Friday, August 28, 2020

I go to my heart on my knees: MUSICAL CHAIRS.

Musical ChairsMusical Chairs by Amy Poeppel
My rating: 4 of 5 stars

A charming and delightful look at family and friendship

Bridget and Will are the best of friends--and nothing more--despite what everyone thinks. For over thirty years, they've been the two long-standing members of the Forsyth Trio. The third founding member, Gavin, went on to great success and stardom, leaving Bridget and Will to fill the position with a rotating crew of musicians. Before starting up the trio again, Bridget plans on spending the summer at her country house in Connecticut near her father, the famous musician Edward Stratton. But things go awry quickly. Her boyfriend breaks it off with her; her twenty-something twins surprise her by returning to the house for the summer, bringing their chaos with them; and the older Edward announces he's getting married. Will and Bridget decide to relaunch the Forsyth Trio at the wedding, but it all hinges on getting Gavin to return--someone they've both been avoiding for quite some time.
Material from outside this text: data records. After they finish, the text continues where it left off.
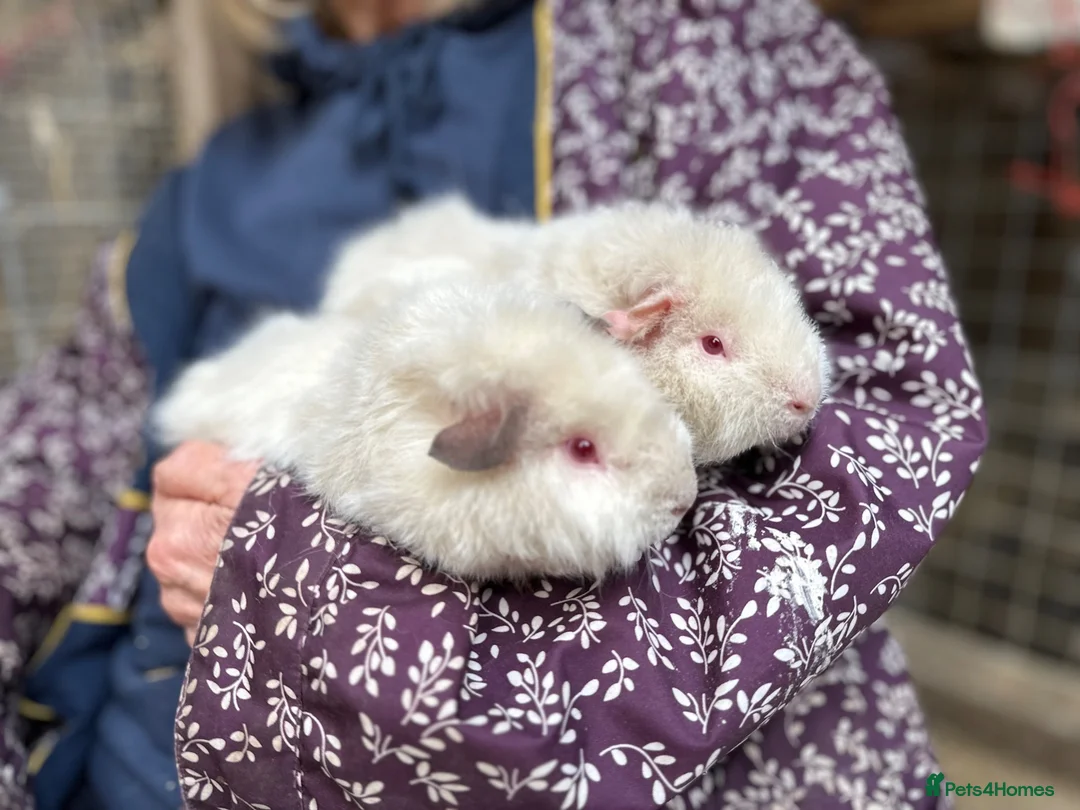 Guinea Pig rodents for sale: Young female guinea pigs 16 weeks - Advert 2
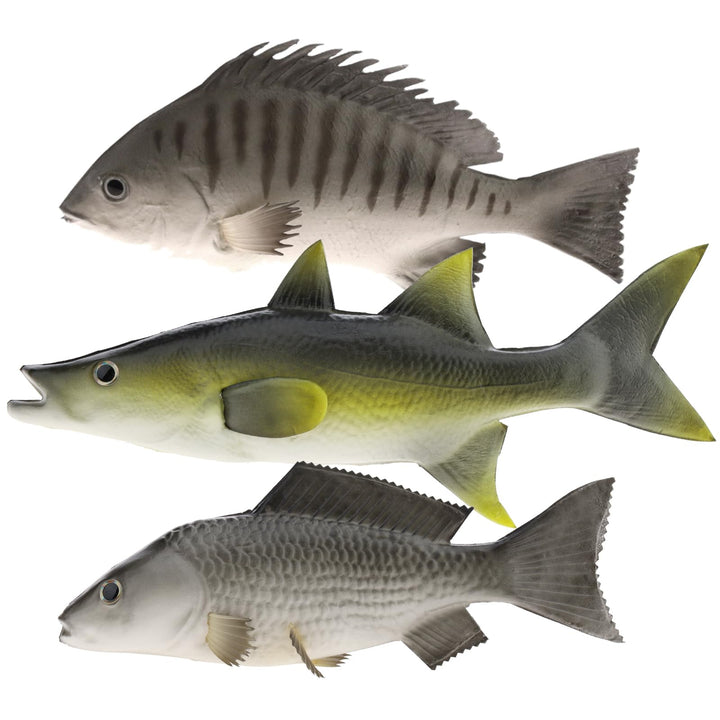 Gresorth 3 Stück Fälschung Fisch vorgeben Künstlich Karpfen Lebensecht Ornament Hängend zum Zuhause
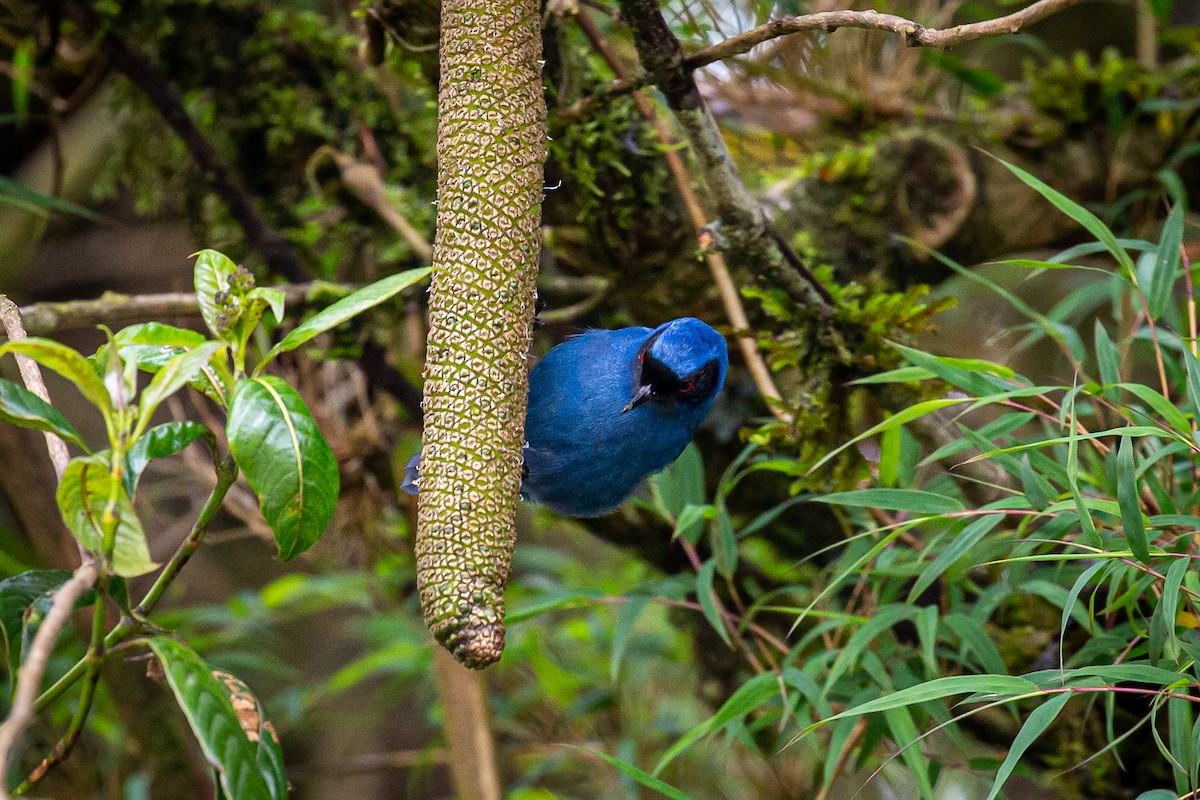 Masked Flowerpiercer - ML620315914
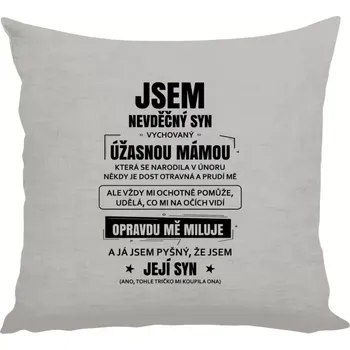 Polštář Polštář lněný 40x40 cm Mámin nevděčný syn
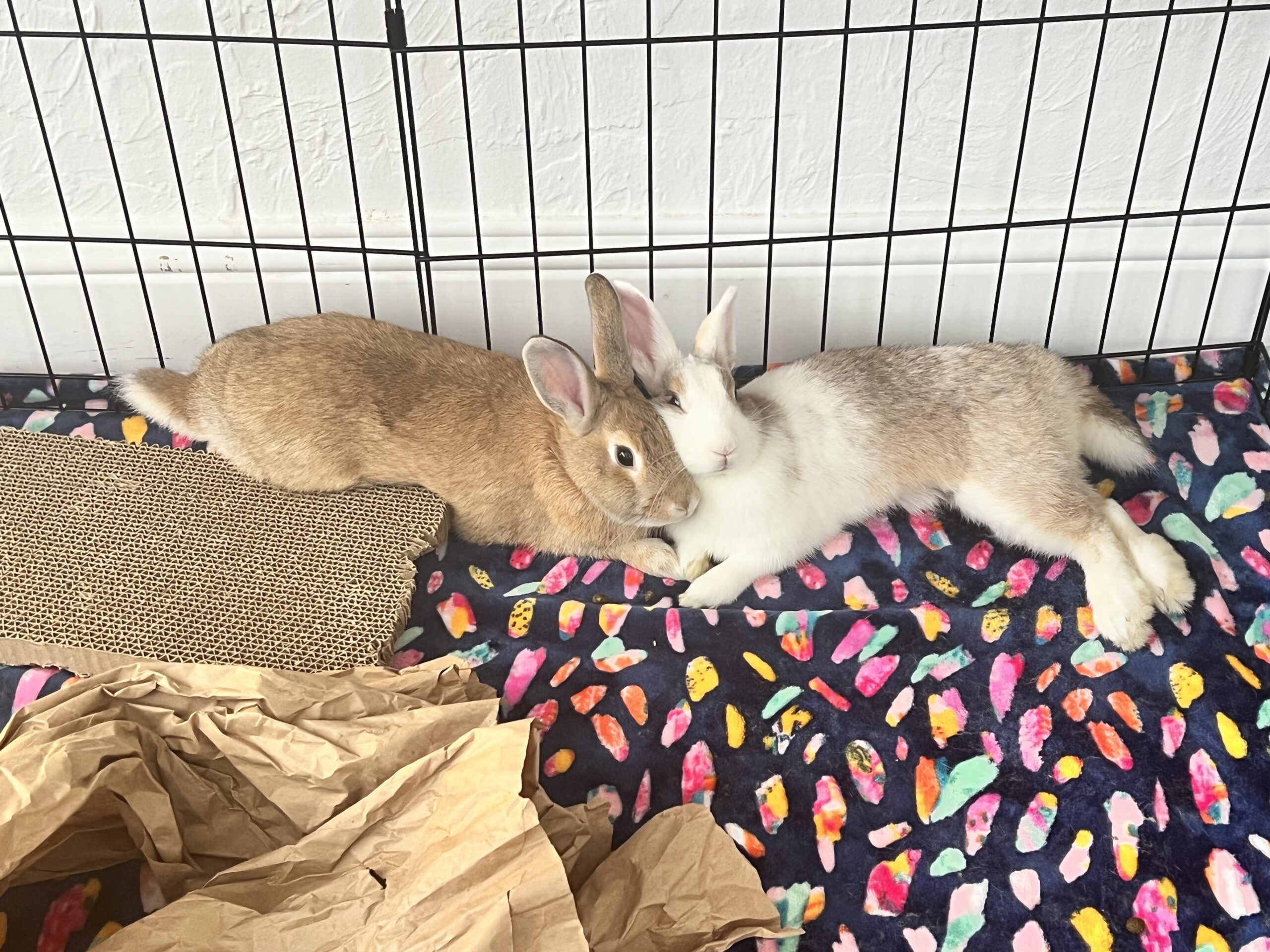 Two rabbits cuddling.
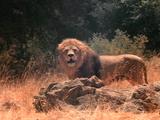Male Lion Walks Through Grasses, Stops, Snarls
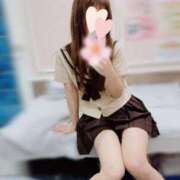 ヒメ日記 2024/12/26 19:16 投稿 ひなた トマトなび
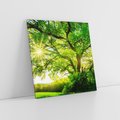 Obraz na płótnie 60x60 - Natura w pełnym rozkwicie - drzewo, niebo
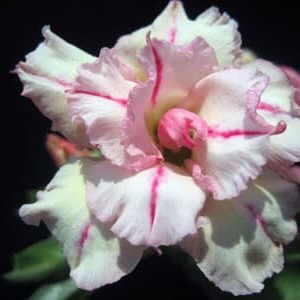 Adenium Obesum Bonanza - Rose du désert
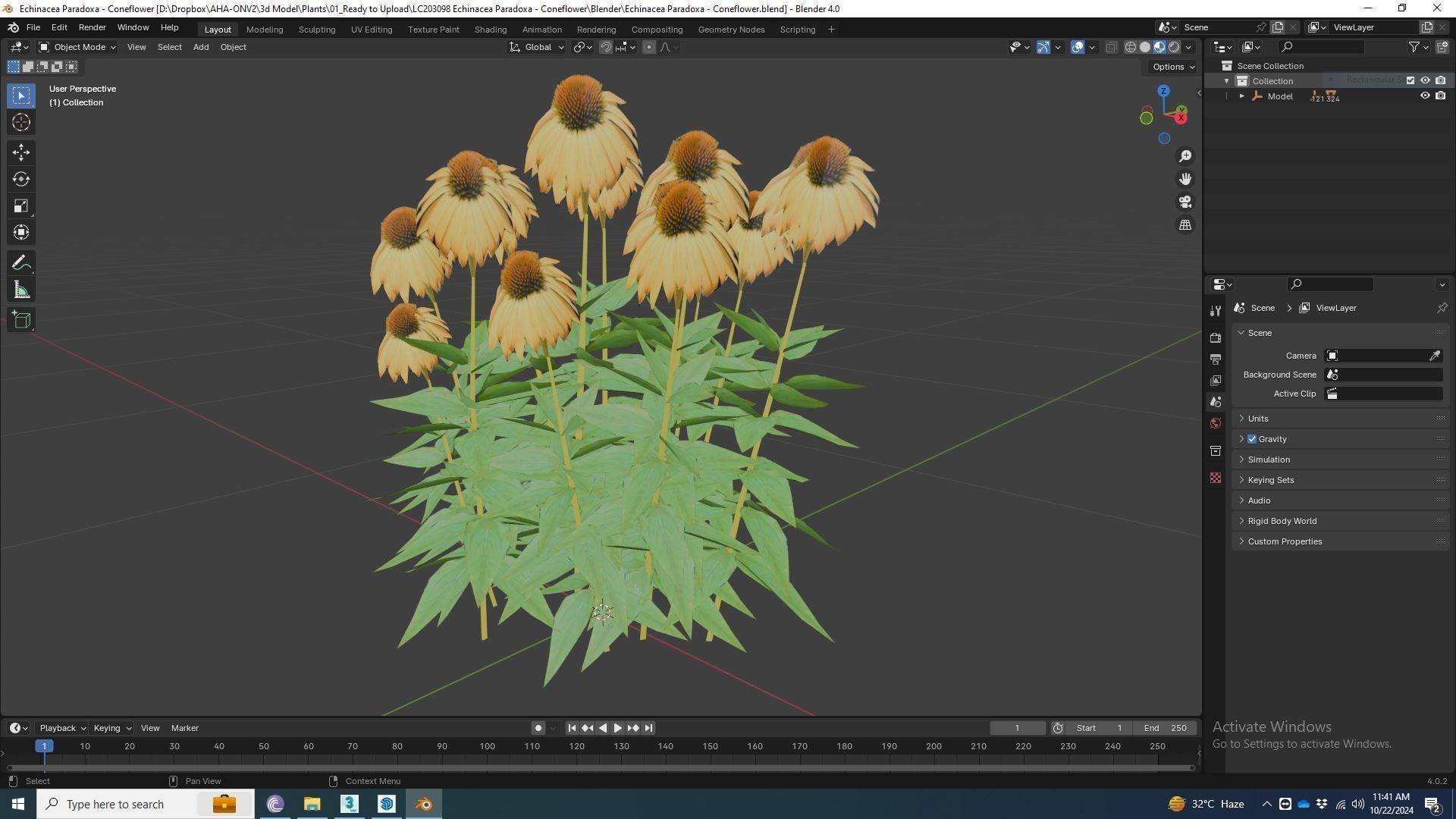 Plant   Echinacea Paradoxa - Coneflower Low-poly 3D model_5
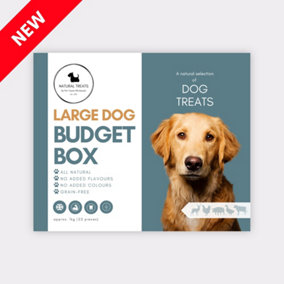 Mixed Treats Budget Box for Large Dogs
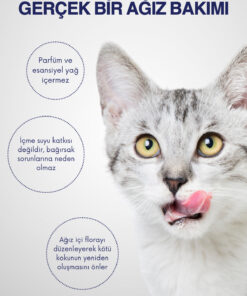 Veturel Ağız Ve Diş Bakım Spreyi 100ml Kedi Ağız Bakımı Köpek Ağız Kokusu Diş Eti Yarası Enfeksiyonu - Görsel 3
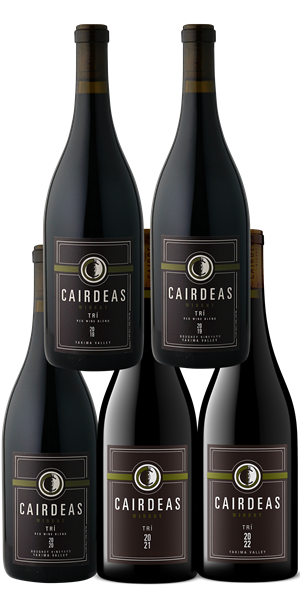 5 Year Trí Vertical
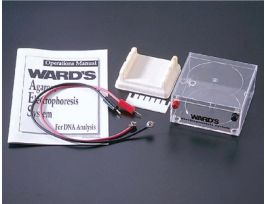 BATTERY POWERED ELECTROPH SYST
This is a charming and funny story. If it sounds all over the place, it's only because it's a reflection on Bridget's life, which is a total mess at the beginning of our tale. Each character in Poeppel's heartfelt tome is wonderful: real and true, standing out on the page as their own person. I fell easily for poor Bridget, hapless Will, the twins, and our host of side characters, ranging from Bridget's very New York-ish sister to Gwen to uppity Edward and his assistant to the local Connecticut townfolk who swarm to try to keep Bridget--and her cottage--from falling apart.

There's a lot of focus on music here--with Bridget, Will, and Edward all musicians, and it makes for a different and lovely book. While plenty of serious things happen, overall this is a sweet and funny story. I found myself smiling and laughing often while reading. There are some downright laugh out loud scenes. Bridget's inability to master technology, coupled with the helplessness of her twins, allow for some wonderful moments. But what really shines through is how much everyone here loves each other--Bridget and her kids, the whole Stratton family, and Will, who is truly part of the clan. How nice to read a book where, even if everyone might fight a day, their compassion and caring for each other shines through.

And, of course, I have a soft spot for any book featuring twins, so I enjoyed a prominent storyline featuring them.

Overall, this is delightful book that offered a wonderful distraction to the woes of the world. It's a funny and kind look at family and friendship, and it simply made me happy. 4+ stars.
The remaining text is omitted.